## Provided entries

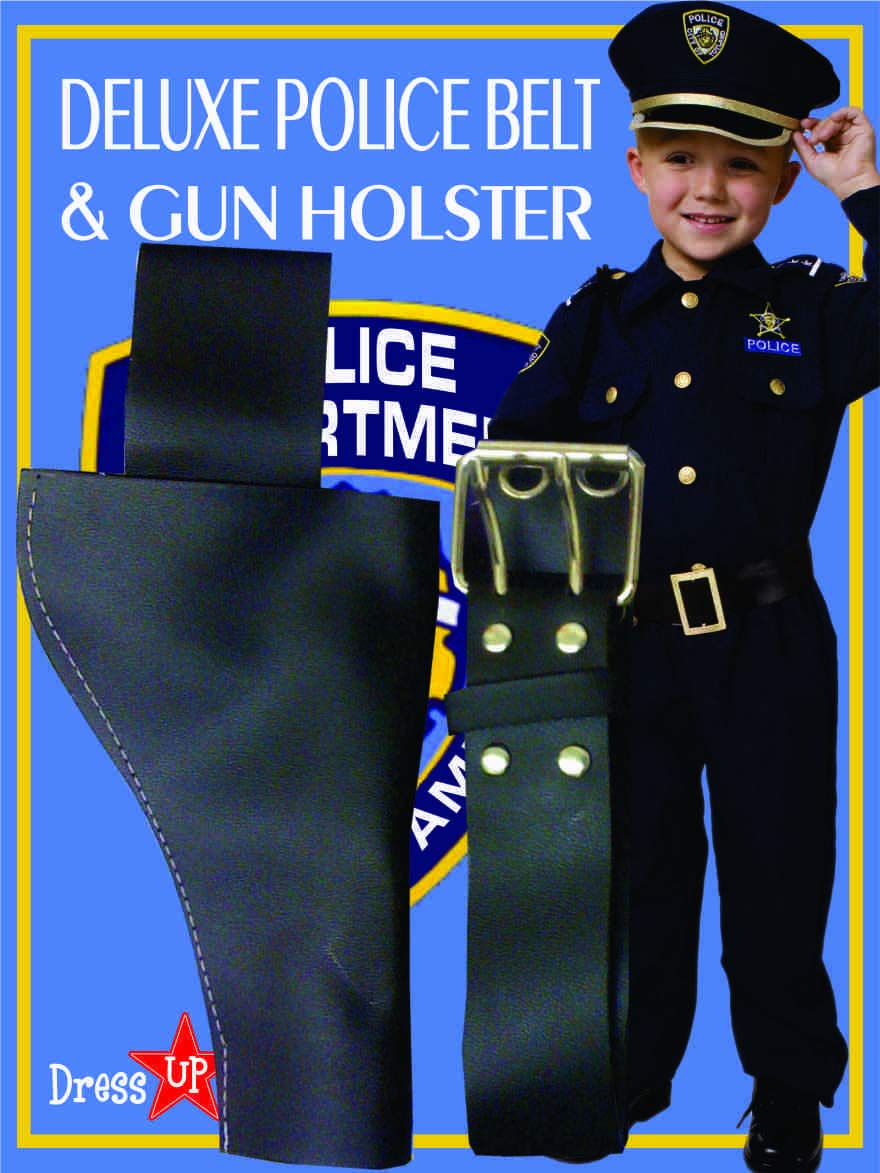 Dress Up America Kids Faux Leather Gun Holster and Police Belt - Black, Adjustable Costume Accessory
* * *
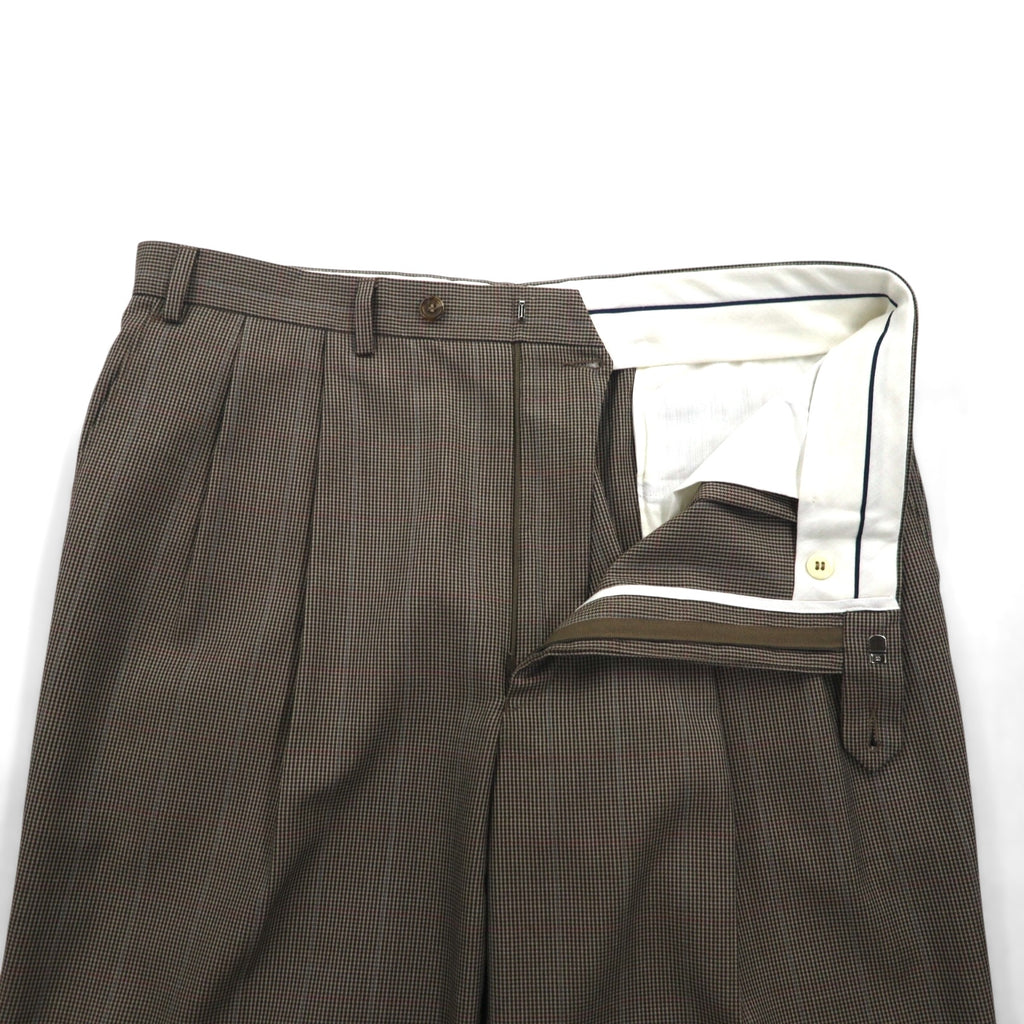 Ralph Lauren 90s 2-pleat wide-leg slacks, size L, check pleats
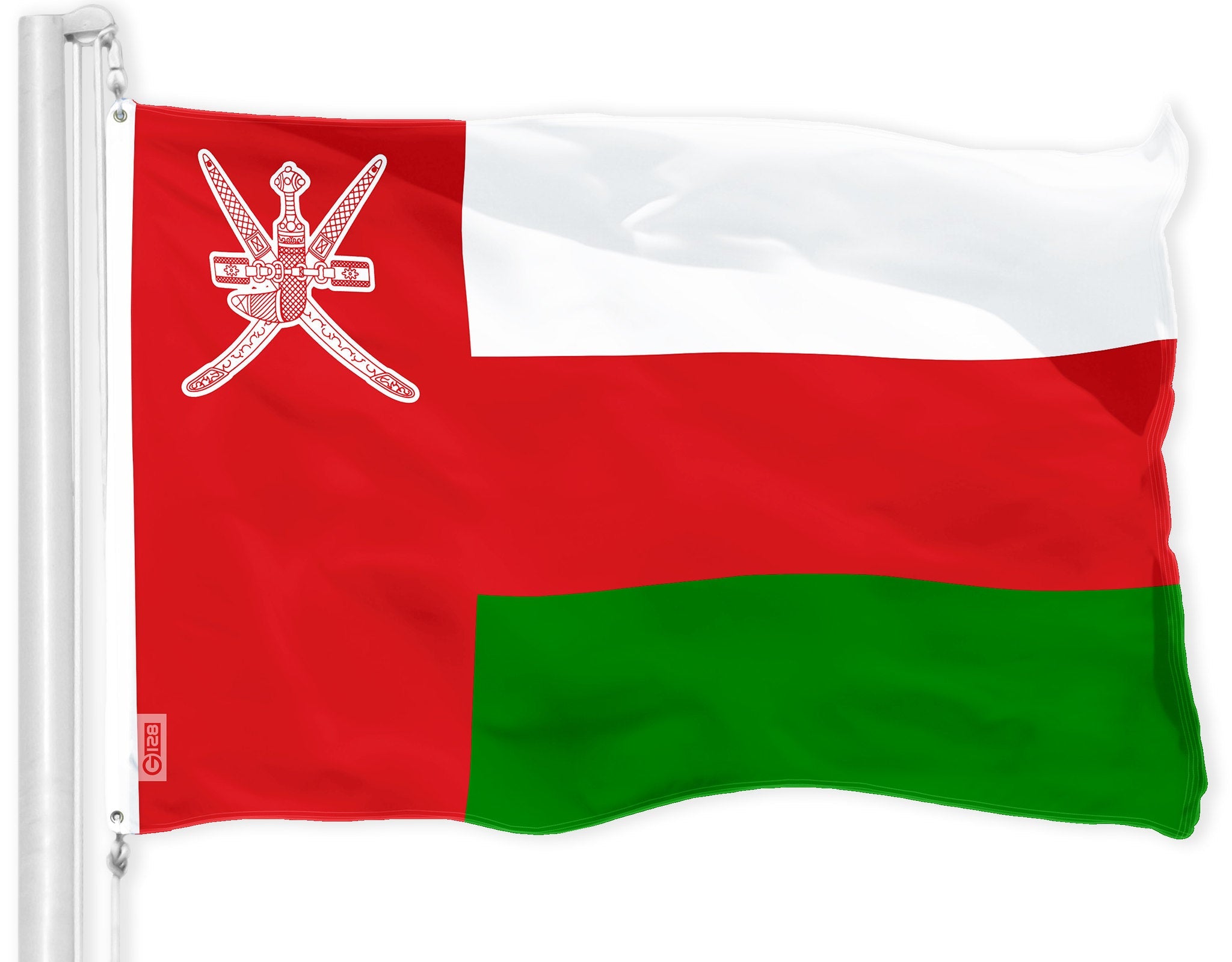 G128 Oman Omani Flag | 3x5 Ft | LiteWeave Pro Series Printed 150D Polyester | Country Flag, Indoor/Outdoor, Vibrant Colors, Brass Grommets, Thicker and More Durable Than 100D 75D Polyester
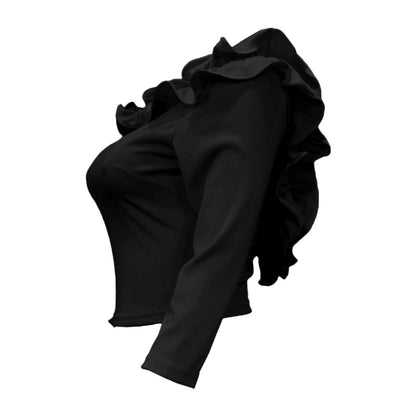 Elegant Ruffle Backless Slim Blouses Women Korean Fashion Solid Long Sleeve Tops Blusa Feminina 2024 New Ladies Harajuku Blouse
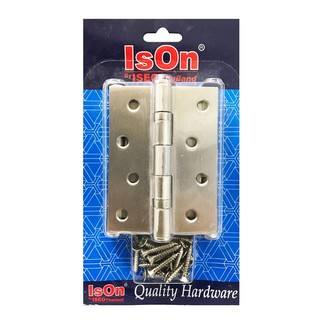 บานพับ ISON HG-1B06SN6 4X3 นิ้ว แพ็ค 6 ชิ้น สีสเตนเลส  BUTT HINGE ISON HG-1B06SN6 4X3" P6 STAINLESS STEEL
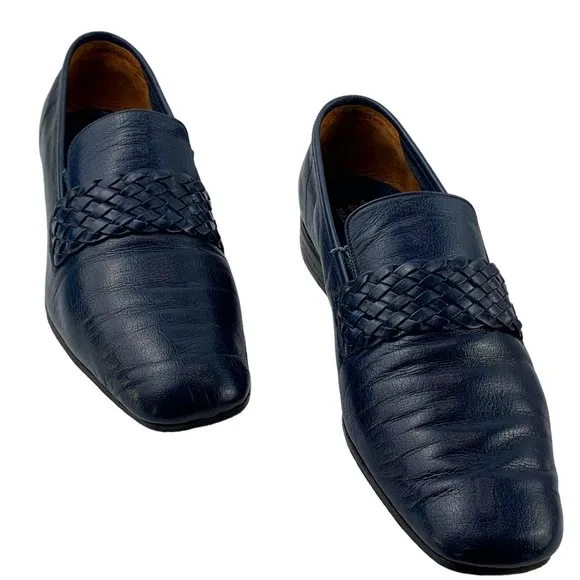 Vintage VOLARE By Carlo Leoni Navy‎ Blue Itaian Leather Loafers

## Your objective
Print exactly, with no pictures, the lines above from the one that holds "Ralph Lauren 90s" through the one that holds "Vintage VOLARE By", both of them included.

## The answer
 Ralph Lauren 90s 2-pleat wide-leg slacks, size L, check pleats
 G128 Oman Omani Flag | 3x5 Ft | LiteWeave Pro Series Printed 150D Polyester | Country Flag, Indoor/Outdoor, Vibrant Colors, Brass Grommets, Thicker and More Durable Than 100D 75D Polyester
 Elegant Ruffle Backless Slim Blouses Women Korean Fashion Solid Long Sleeve Tops Blusa Feminina 2024 New Ladies Harajuku Blouse
 บานพับ ISON HG-1B06SN6 4X3 นิ้ว แพ็ค 6 ชิ้น สีสเตนเลส  BUTT HINGE ISON HG-1B06SN6 4X3" P6 STAINLESS STEEL
 Vintage VOLARE By Carlo Leoni Navy‎ Blue Itaian Leather Loafers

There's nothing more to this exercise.